• AIM OF THE EXERCISE: Exactly as they appear below, repeat the lines from the one with "Best Western Spooner" through the one with "Thumb Image - J". Drop every picture.

• GIVEN DATA:
.....
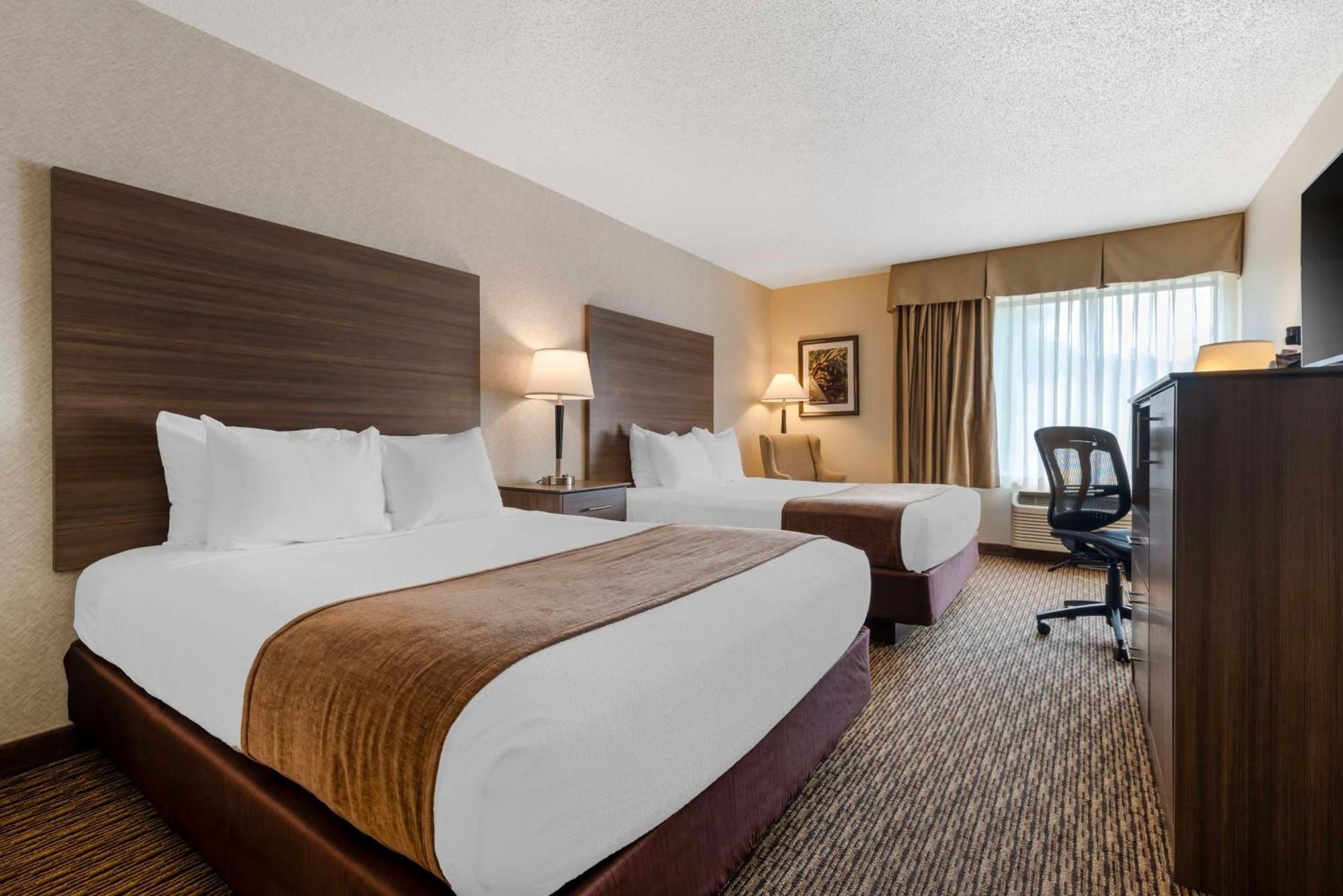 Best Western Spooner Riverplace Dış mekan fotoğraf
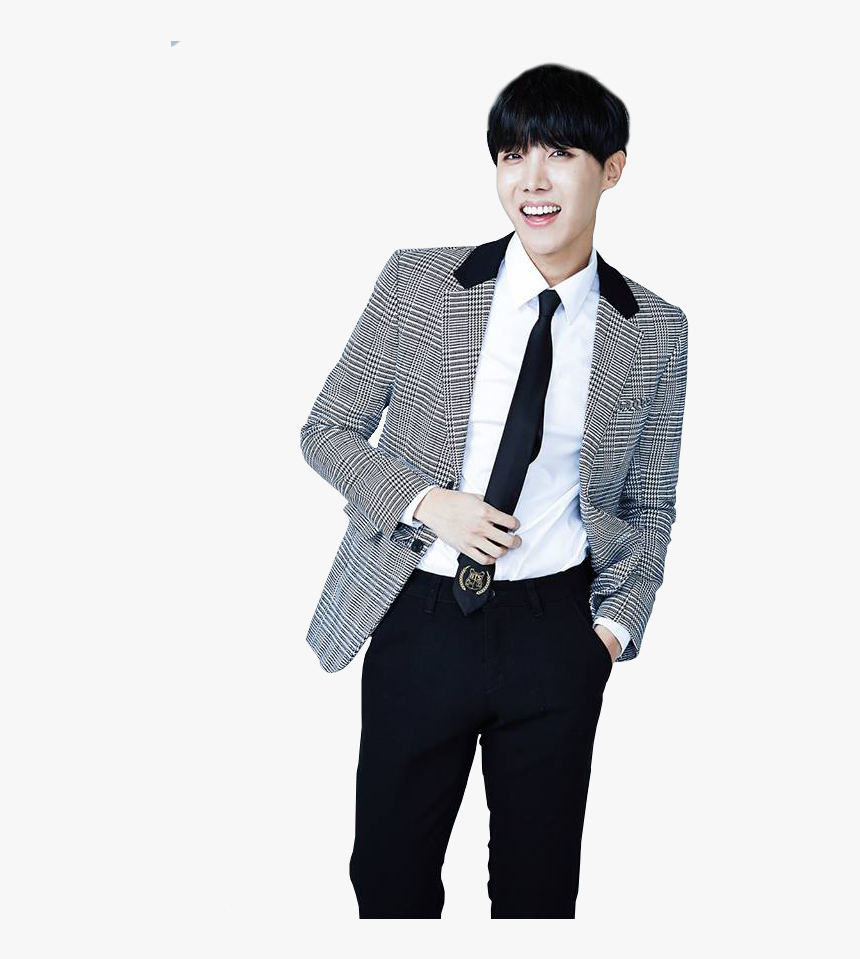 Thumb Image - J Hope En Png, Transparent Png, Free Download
.....
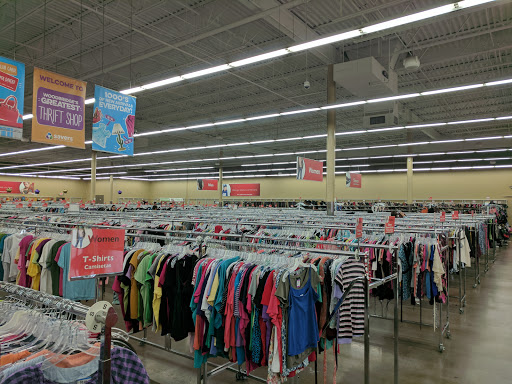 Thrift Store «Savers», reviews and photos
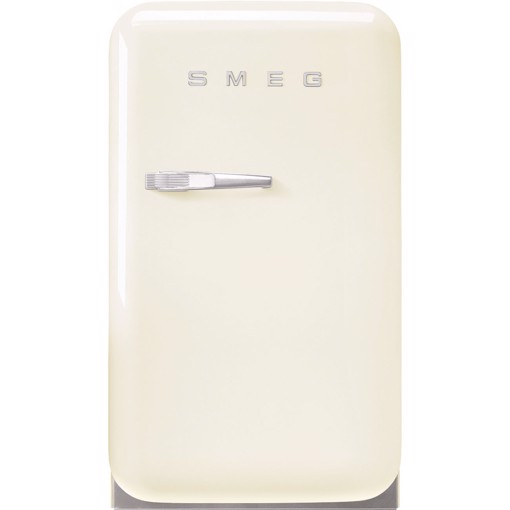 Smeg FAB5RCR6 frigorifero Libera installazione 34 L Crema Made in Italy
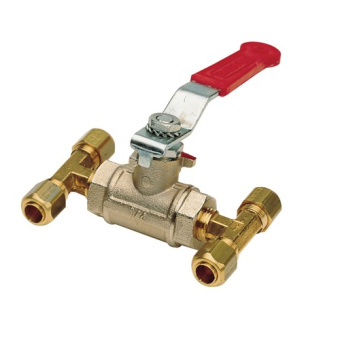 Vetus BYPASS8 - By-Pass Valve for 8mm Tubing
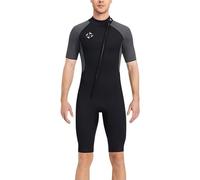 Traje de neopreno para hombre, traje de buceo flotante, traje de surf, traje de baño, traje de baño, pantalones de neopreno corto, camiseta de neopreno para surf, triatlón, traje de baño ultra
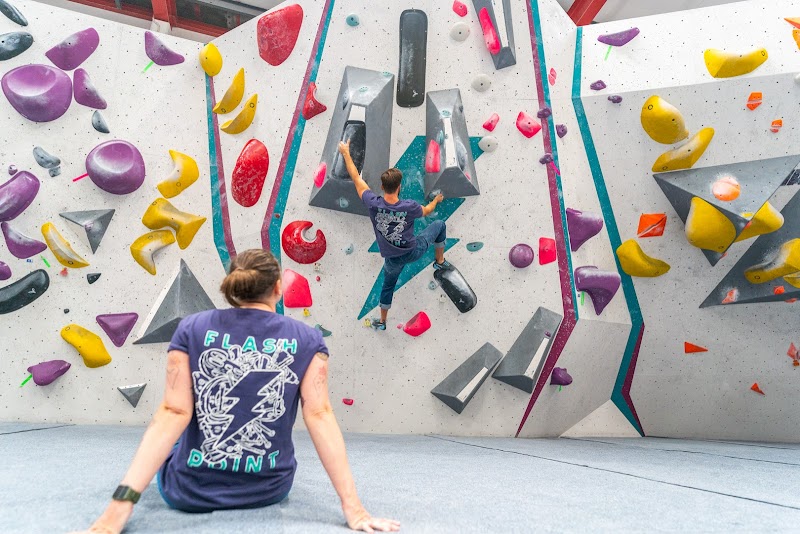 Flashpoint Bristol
.....
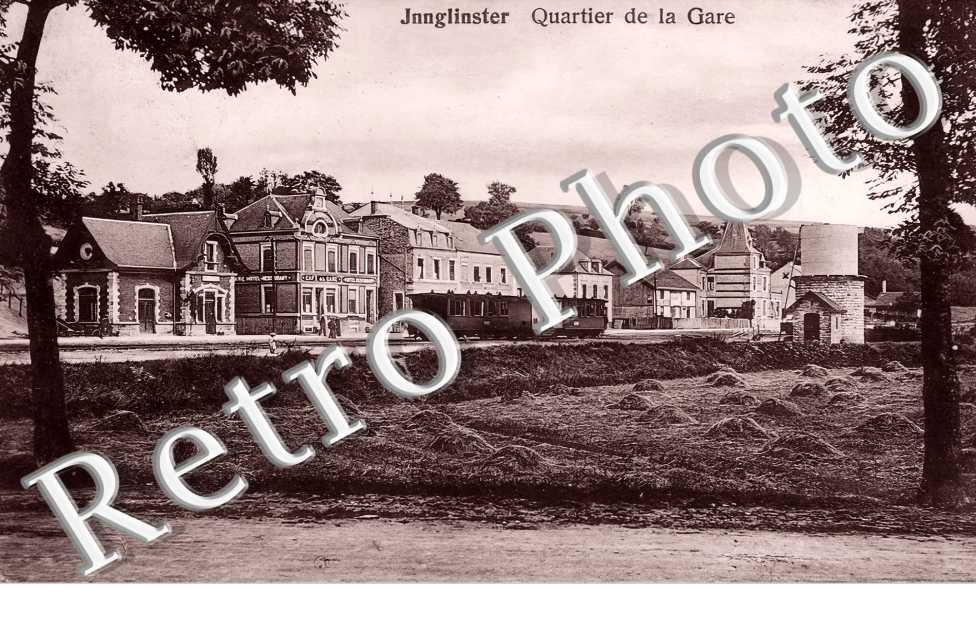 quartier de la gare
.....
• EXERCISE ANSWER:
 Best Western Spooner Riverplace Dış mekan fotoğraf
 Thumb Image - J Hope En Png, Transparent Png, Free Download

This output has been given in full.